* [Your goal] Everything from the line holding "Augustine, FL 32086" through the final line of the entries below is to be written out exactly, and nothing more; leave out pictures.

* [Records for processing]
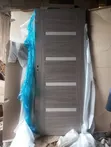 Juvante Imported Internal & Security Doors - 5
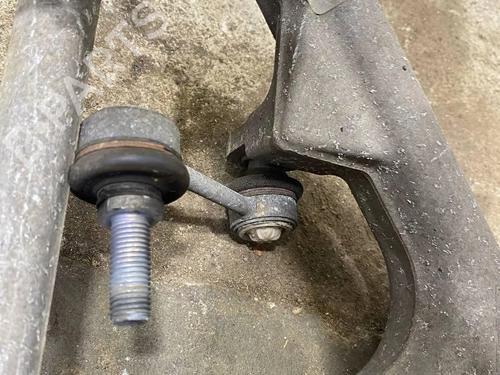 Other ASTON MARTIN VANTAGE Vantage 4.7 V8 | BP28931383O1 - Image 6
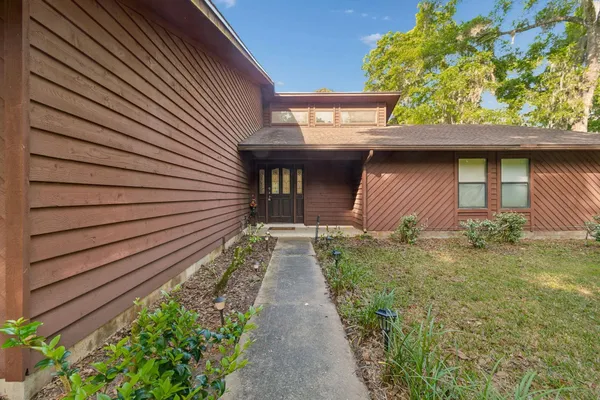 $649,900 | 4221 Wicks Branch Road, St. Augustine, FL 32086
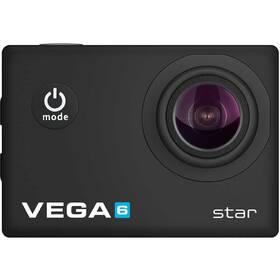 Outdoorová kamera Niceboy VEGA 6 star černá

 obrázek produktu 3 z 8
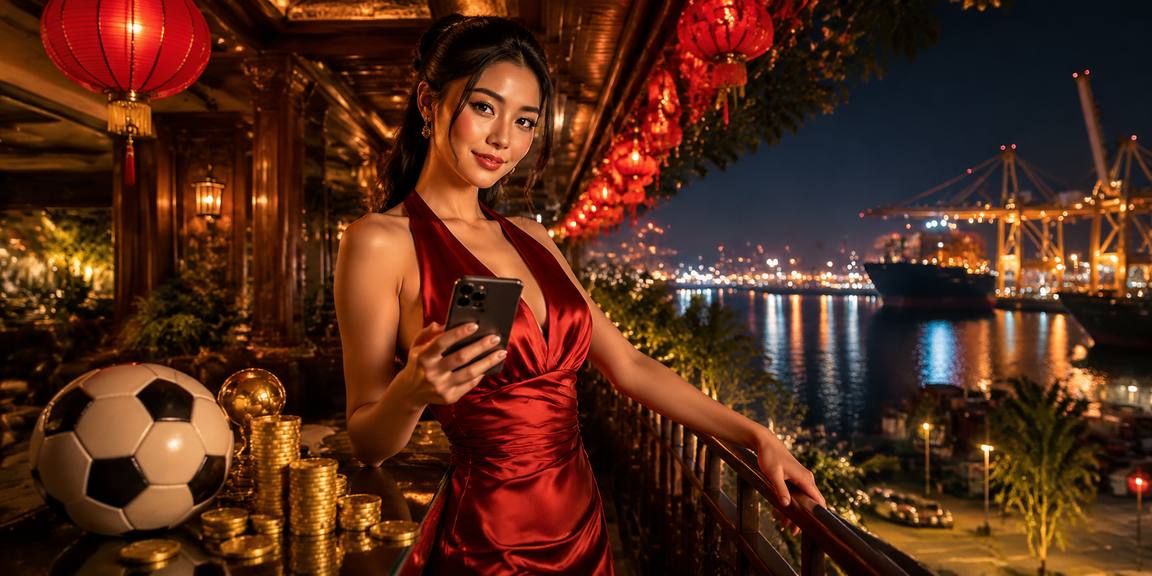 is5688 Slot Nổi Bật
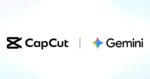 CapCut is bringing its editing tools to Gemini, and your creative workflow will never be the same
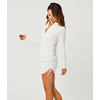 Carve Designs Cody Sun Dress Coverup Women's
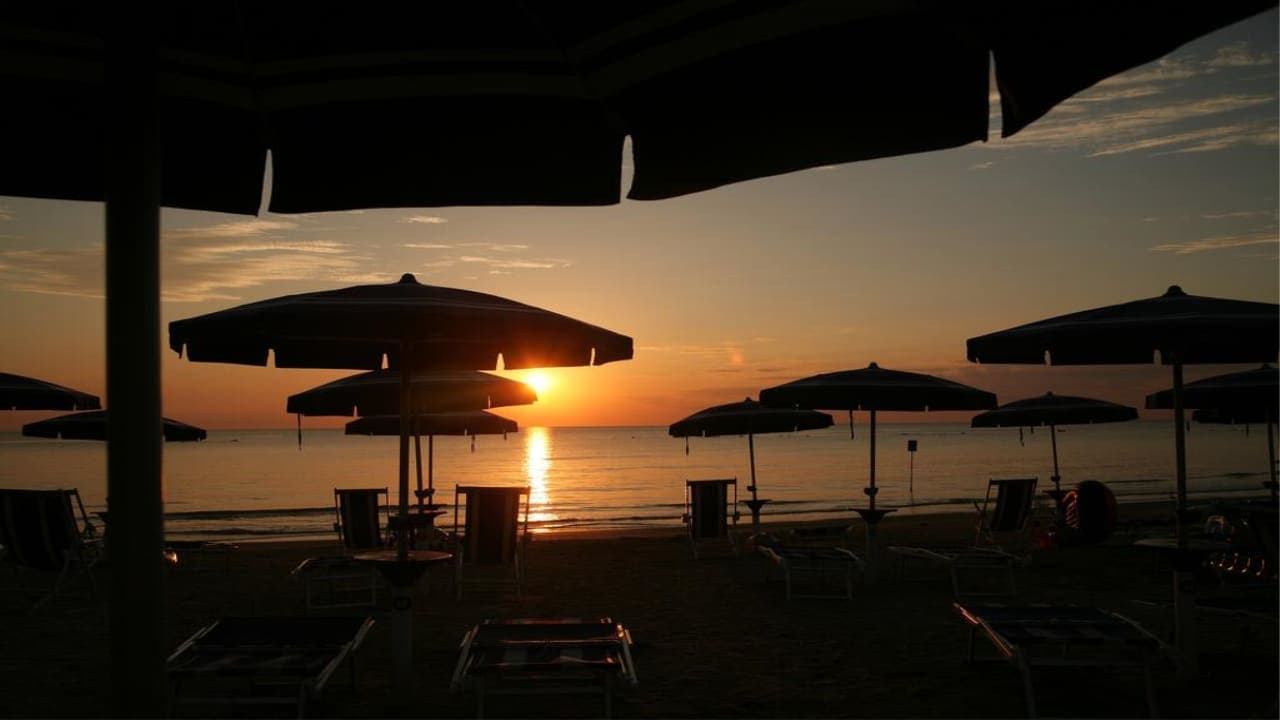 Club del Sole Stork Family Collection Ansicht 10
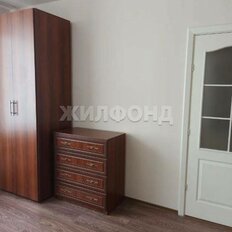 Квартира 40 м², 1-комнатная - изображение 3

* [Written solution]
 $649,900 | 4221 Wicks Branch Road, St. Augustine, FL 32086
 Outdoorová kamera Niceboy VEGA 6 star černá

 obrázek produktu 3 z 8
 is5688 Slot Nổi Bật
 CapCut is bringing its editing tools to Gemini, and your creative workflow will never be the same
 Carve Designs Cody Sun Dress Coverup Women's
 Club del Sole Stork Family Collection Ansicht 10
 Квартира 40 м², 1-комнатная - изображение 3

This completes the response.